After the uprising started, he said they hung a revolutionary flag on the wall. When soldiers raided the village, Sami said they set his place on fire.

Soon after, Sami said he joined the rebels.

Bader Farouh, 17, said he got arrested soon after catching the revolutionary bug. Police nabbed him from a protest in the northern city of Aleppo. For three days, he said they folded his body into the hole of a car tire and beat him with sticks. They let him go after he signed a pledge to stop protesting.

But they caught him at another protest a week later and he said they hung him naked on a wall for more beatings. Twelve days later, he was freed in a prisoner exchange between the regime and the rebels.

Afterward, he said his father took him to the head of a local rebel brigade and told him: "Take him and treat him like one of your sons."

That was six months ago.

Ahmed al-Saleh, 22, said he wanted to go to university after he graduated from high school but didn't have the money to pay for it or the grades to get the government to do so. So he said he joined the police and stamped passports at an isolated border crossing with Turkey. He liked the job and earned $270 per month.

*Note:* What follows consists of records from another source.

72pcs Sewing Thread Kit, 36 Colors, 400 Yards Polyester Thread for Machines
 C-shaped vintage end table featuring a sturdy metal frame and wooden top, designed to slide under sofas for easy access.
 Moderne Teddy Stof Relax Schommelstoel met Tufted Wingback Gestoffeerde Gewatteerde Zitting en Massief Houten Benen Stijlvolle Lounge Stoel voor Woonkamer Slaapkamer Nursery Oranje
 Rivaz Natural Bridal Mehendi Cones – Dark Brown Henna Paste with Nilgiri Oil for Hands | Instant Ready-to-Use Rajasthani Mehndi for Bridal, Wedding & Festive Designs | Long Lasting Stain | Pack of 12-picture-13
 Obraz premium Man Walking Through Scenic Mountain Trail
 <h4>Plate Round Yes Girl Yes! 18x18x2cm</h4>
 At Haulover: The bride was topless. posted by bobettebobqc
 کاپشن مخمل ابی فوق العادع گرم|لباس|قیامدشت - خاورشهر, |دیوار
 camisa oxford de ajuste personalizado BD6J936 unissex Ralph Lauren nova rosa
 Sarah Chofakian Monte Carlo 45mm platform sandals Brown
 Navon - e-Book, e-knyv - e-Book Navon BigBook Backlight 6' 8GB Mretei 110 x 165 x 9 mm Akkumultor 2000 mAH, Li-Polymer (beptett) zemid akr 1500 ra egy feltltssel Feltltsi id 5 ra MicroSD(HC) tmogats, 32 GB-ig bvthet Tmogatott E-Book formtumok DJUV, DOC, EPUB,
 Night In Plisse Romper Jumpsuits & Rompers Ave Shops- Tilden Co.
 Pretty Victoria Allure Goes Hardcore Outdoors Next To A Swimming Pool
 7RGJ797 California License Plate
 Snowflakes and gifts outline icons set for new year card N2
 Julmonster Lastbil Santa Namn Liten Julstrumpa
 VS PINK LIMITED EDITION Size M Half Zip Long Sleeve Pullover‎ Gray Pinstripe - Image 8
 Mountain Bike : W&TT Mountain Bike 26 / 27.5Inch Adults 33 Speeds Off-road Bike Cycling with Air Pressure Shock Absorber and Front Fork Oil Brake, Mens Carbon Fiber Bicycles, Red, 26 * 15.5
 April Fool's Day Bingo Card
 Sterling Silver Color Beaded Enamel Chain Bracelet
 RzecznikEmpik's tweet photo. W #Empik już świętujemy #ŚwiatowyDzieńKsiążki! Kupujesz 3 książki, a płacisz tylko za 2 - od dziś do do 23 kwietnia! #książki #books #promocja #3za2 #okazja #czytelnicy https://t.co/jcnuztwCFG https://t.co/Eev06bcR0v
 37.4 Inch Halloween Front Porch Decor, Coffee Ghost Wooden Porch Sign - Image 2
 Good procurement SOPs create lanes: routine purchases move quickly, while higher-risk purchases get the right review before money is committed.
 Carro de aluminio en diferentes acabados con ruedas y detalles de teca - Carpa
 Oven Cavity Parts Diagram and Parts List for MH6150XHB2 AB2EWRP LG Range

When the uprising started, he said he supported it "in his heart" but kept quiet.

He marched in his first protest while on home leave, and he said it felt "amazing."

Last month, he ran away. Once he got home, he said he borrowed $1,000 from a friend to buy a Kalashnikov rifle.

Like many, he said he intends to go back to his normal life if the regime falls, meaning he'll rejoin the police force.

"I volunteered to serve my country, not to serve Bashar or anyone else," he said.

Sami the barber also hoped to resume his old life after the war, though he said it would be different without the regime.

"They torched my shop because I put up a flag," he said. "After the revolution, I'll put up whatever I want. There will be flags all over the place."